В России в те годы не было условий для научно-исследовательской работы. Русским ученым приходилось осуществлять свои замыслы в заграничных лабораториях.

Об этом убедительно рассказывает знаменитый химик Владимир Васильевич Марковников (1838–1904), побывавший в Лейпциге, в лаборатории у химика Кольбе.

В лабораторию Кольбе Марковников пришел зрелым ученым. «Мое положение в лаборатории Кольбе, — пишет он, — было несколько иное, чем всех остальных. Уже три года как я был магистром и работал над своими темами. Уже в первые годы по приезде в Германию я убедился, что Казанская лаборатория в теоретическом отношении далеко опередила все лаборатории Германии, курсы же лекций были слишком элементарны. Не особенно много также пришлось пользоваться и практическими указаниями профессоров».

Взгляды Марковникова на основные вопросы органической химии были несравненно глубже взглядов тогдашних немецких химиков. Работы, которые Марковников собирался поставить в лаборатории Кольбе, зачастую встречали резкое противодействие со стороны ее руководства. Марковникову приходилось выдерживать настоящие бои, добиваясь, чтобы намеченные им исследования были включены в план работы лаборатории.

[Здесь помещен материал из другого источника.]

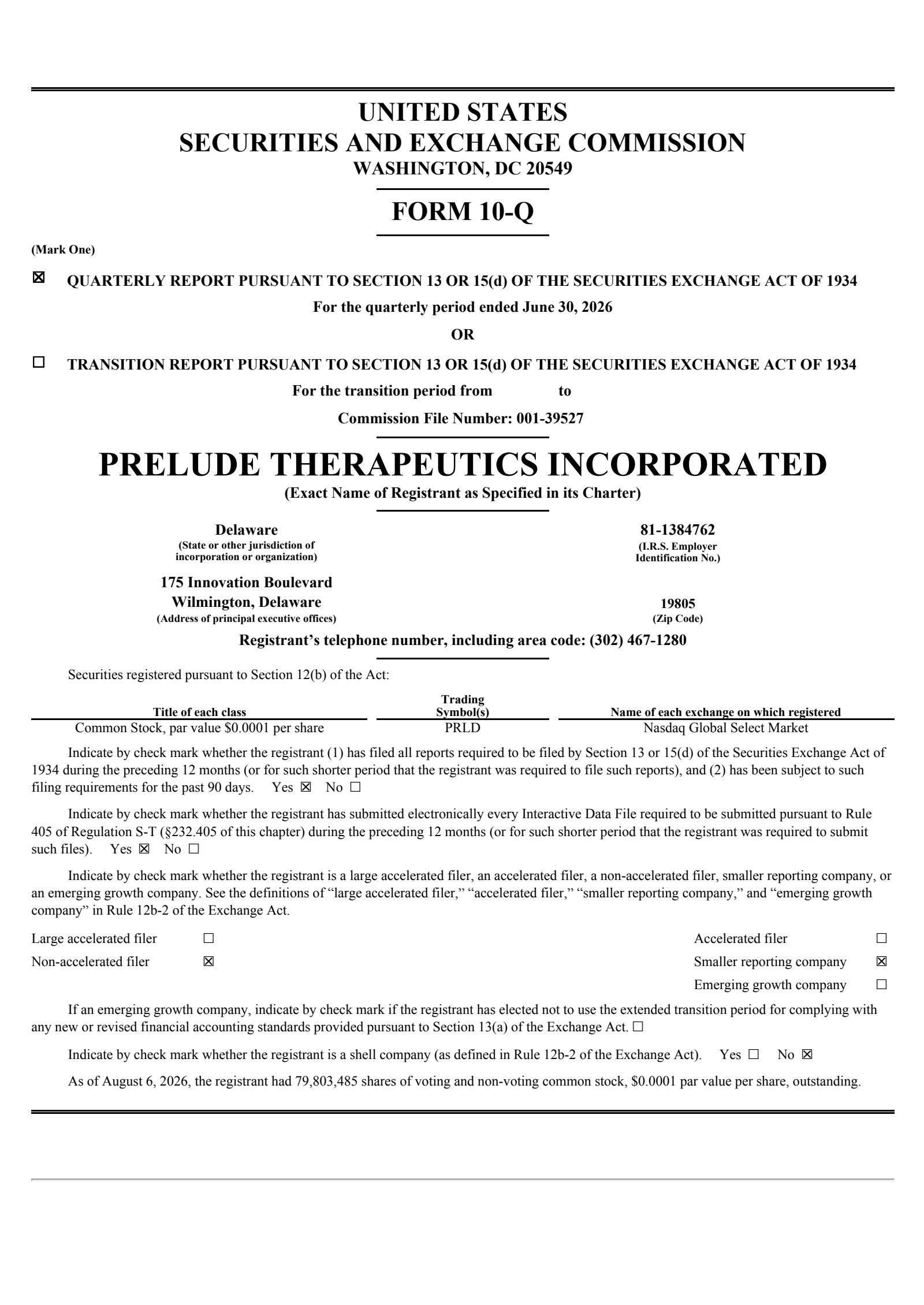 Prelude Therapeutics' Q2 2026 Quarterly report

С собственными планами ехали за границу и Сеченов, и Пирогов, и Менделеев, и Павлов… Таким же самостоятельным ученым с ясным пониманием своих целей был и Столетов. И его, как и многих русских ученых, поехать за границу вынудило отсутствие на родине условий для научно-исследовательской работы.

Будущий великий физик вскоре же выделился в кружке молодых ученых, слушавших лекции Кирхгофа по математической физике.

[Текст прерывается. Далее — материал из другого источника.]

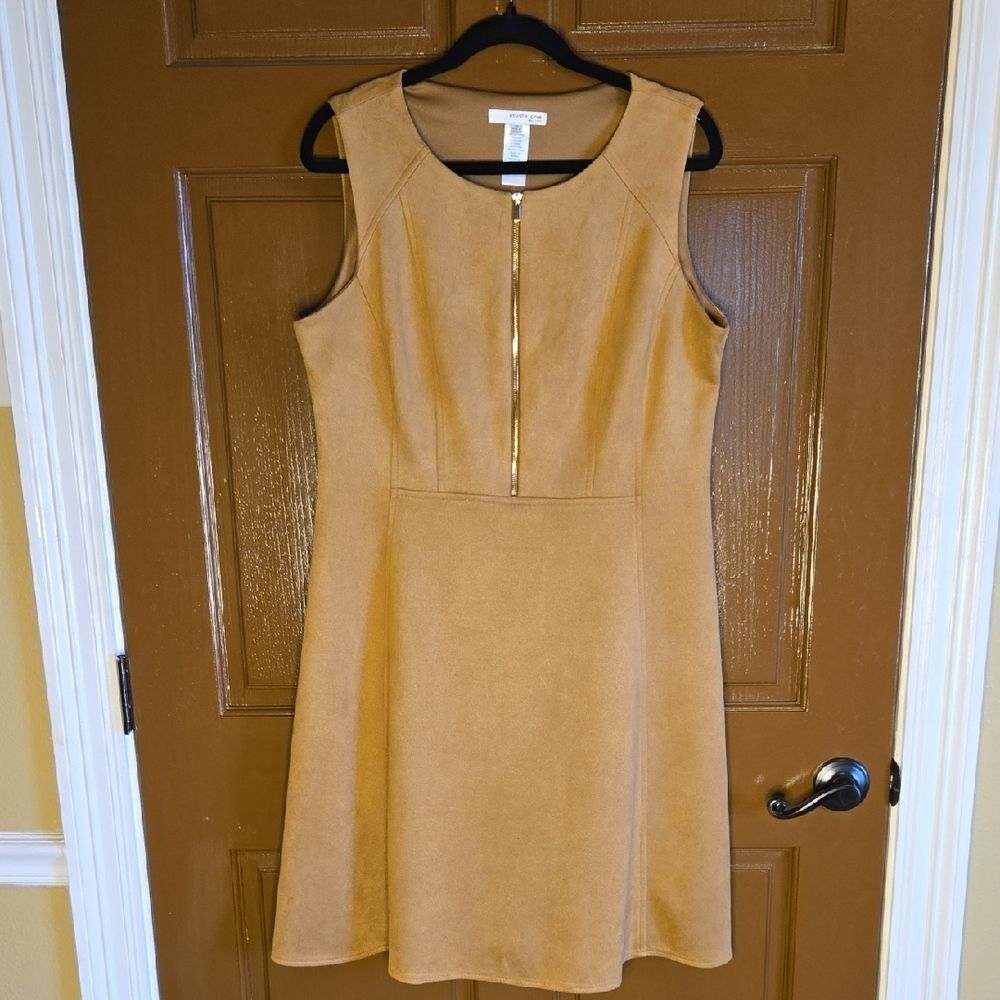 Studio One-Camel sueded sleeveless pullover A line dress Sz 14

«Хотя большинство из нас, — рассказывал впоследствии К. А. Тимирязеву В. Ф. Лугинин, бывший участником этого кружка, — были старше Столетова и многие обладали очень основательным математическим образованием, но с первых же разов, как мы стали собираться для составления лекций, он резко выдвинулся вперед; то, чего мы добивались с трудом, ему давалось шутя, и вскоре он сделался уже не простым сотрудником, а руководителем наших знаний».

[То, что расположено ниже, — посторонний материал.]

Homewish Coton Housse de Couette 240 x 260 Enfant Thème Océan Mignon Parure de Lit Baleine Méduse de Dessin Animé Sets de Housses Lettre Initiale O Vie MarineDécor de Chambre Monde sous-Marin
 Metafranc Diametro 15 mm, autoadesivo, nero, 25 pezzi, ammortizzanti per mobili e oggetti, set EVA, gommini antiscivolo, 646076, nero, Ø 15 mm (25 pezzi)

«Могу со своей стороны прибавить, — писал Тимирязев, — что когда, через несколько уже лет, я в свою очередь провел в Гейдельберге несколько семестров, посещая, между прочим, и практические занятия у Кирхгофа, мне доводилось слышать еще свежее предание об одном молодом русском, с виду почти мальчике, изумлявшем всех своими блестящими способностями».

В одном из писем Кирхгоф называет Столетова самым талантливым из своих слушателей. До какой степени Кирхгоф ценил и уважал Александра Григорьевича, показывает то, что впоследствии он постоянно посылал ему рукописи своих трудов, прежде чем отправить их в печать.